Hence it follows that it is always possible to find arbitrarily large $p$ that work.
$\Box$
$(3)$ implies $(2)$
We prove this by contraposition.
Suppose there is no algebraically closed field of characteristic $0$ where $\phi$ is true.
Then $\phi$ is false in algebraically closed fields of characteristic $0$
Since $ACF_0$ is complete, this means that $ACF_0 \models \neg \phi$.
Similarly to the case of $(2)$ implies $(4)$, there must then be a finite subset $\Delta$ of $ACF_0$ such that $\Delta \models \neg \phi$.
But then, for all sufficiently large $p$, we have that $\phi$ is false in the algebraically closed fields of characteristic $p$.
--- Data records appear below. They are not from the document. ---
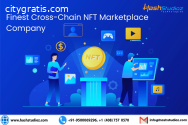 Cross-Chain NFT Marketplace Company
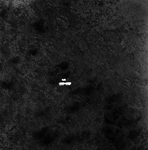 Aerial View of Flying Aircraft over Rural Landscape, Tampa, Florida, B by George Skip Gandy IV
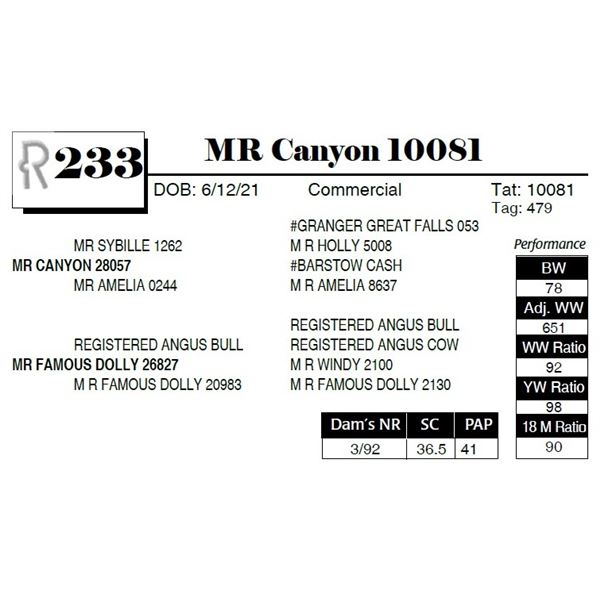 MR Canyon 10081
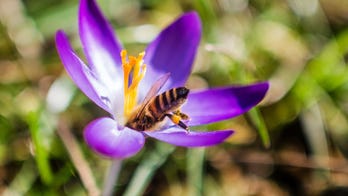 'Insect apocalypse' driven by light pollution, scientists reveal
Hence, it cannot be true for arbitrarily large $p$.
By Rule of Transposition, $\phi$ is true in algebraically closed fields for arbitrarily large primes $p$ implies there exists an algebraically closed field of characteristic $0$ where $\phi$ is true.
$\blacksquare$
Source of Name
This entry was named for Solomon Lefschetz.